[SUPPLIED MATERIAL — start]

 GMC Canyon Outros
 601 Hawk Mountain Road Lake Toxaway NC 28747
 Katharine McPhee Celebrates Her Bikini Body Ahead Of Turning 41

[SUPPLIED MATERIAL — finish]

ABOUT THIS EXERCISE: Restate word for word the lines from the one holding "601 Hawk Mountain Road Lake Toxaway NC 28747" to the end of the listing, both ends included, and nothing more.

TASK RESPONSE:
 601 Hawk Mountain Road Lake Toxaway NC 28747
 Katharine McPhee Celebrates Her Bikini Body Ahead Of Turning 41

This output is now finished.